What sets you apart from the others?
"We have a better balance. We've financed our entire fleet, except for five ships that won't be delivered until next year and 2017," he says, before also citing the company's liquidity and continuous dialog and support from banks.
In April, Golden Ocean got USD 40.5 million in return from shipyard Jinhaiwan in relation to a protracted dispute concerning newbuildings that had been significantly delayed at the yard.
China should not be underestimated
China has been one of the central topics of discussion in terms of the collapsed dry bulk market, as a surprisingly low coal import into the country caught the industry off guard.
In the first quarter of the year, imports declined 42 percent compared to the same period 2014, and most observers expect that the coal import will stabilize at the current level. Herman Billung agrees with this analysis, though he is more optimistic about the demand for ore from international suppliers. He warns against underestimating the Chinese ability to act in the market.
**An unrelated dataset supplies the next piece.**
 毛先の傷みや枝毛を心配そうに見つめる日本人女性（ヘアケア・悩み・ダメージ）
"I don't believe in a collapse of the Chinese economy. You don't need the same kind of growth in China as before, as the demographic scenario is changing. I think the growth might decline toward six and later five percent. Now we'll see a new five-year plan in 2016, where they will evaluate how to distribute the pressure. It'll be interesting to see which projects China presents," he says, pointing to, among other things, the large-scale Silkroad project aimed at creating closer ties between Asia and via major investments in infrastructure projects.
"With China you never know. There are more China experts in the world than there are Chinese. So one should take care not to make cocksure statements about China."
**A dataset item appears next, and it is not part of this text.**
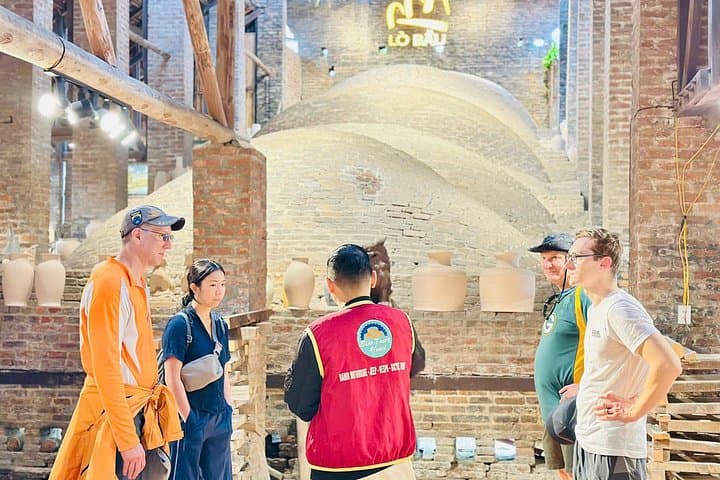 Biking to Bat Trang: Half-Day Ceramics Village Tour from Hanoi photo 4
The dry bulk crisis has also made ship values tumble down. A recent analysis from Fearnley showed that prices have declined by 50 percent in the past six months. But the bottom has been reached now, says Billung.
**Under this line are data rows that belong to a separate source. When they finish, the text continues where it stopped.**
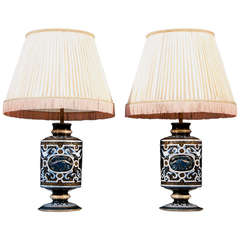 Pair of Neo-Renaissance style lamps by Edouard Dammouse, signed and dated 1885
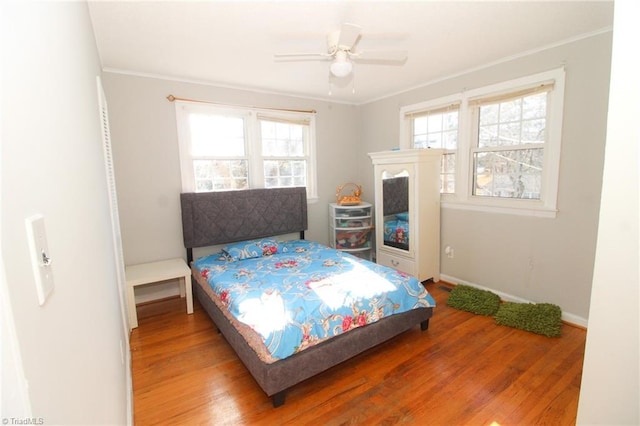 bedroom featuring ceiling fan, crown molding, and wood-type flooring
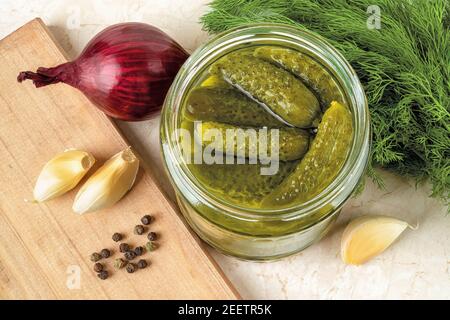 Delicious pickled cornichons in an open glass jar, dill, onion, garlic and pepper on a table. Whole green gherkins marinated with dill and mustard see Stock Photo
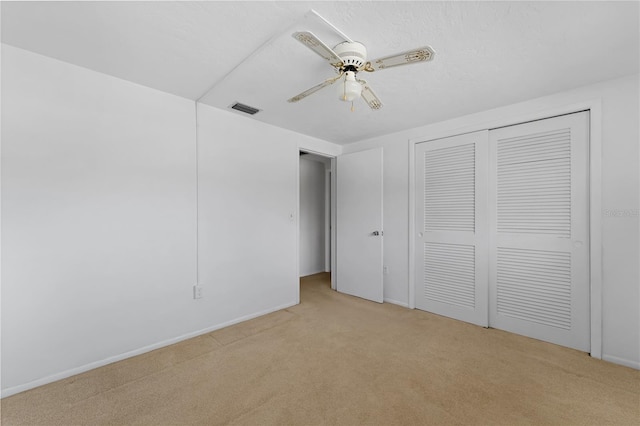 unfurnished bedroom featuring light carpet, a textured ceiling, ceiling fan, and a closet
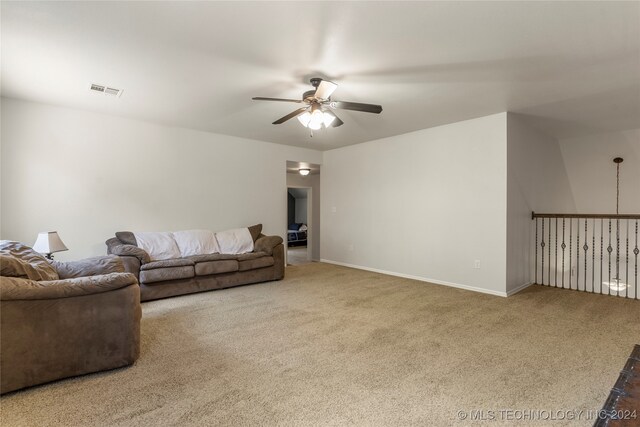 living room with carpet flooring and ceiling fan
"The fleet value reacts very quickly to the spot market. It's incredible. It only takes a few days with a better market before more buyers emerge. I believe that we've seen the bottom in terms of ship asset values," he says, adding:
"In a way, I don't want the market to improve too much. I think it's healthy in terms of the entire fleet structure if this lasts a little while longer, as it will bring even more scrapping."
Golden Ocean Group got a taste of the declining ship prices in the first quarter of the year, where the company lost USD 75.3 million. This loss was attributed to factors including a USD 141 million impairment on five Capesize newbuildings that were sold to and leased back from similarly Fredriksen-controlled Ship Finance. This impairment corresponded to the difference between the ships' book asset value and the price the ships were sold for.
In July, Franklin Enterprises, which is indirectly controlled by funds established by John Fredriksen, acquired bonds for USD 6.2 million, according to Tradewinds.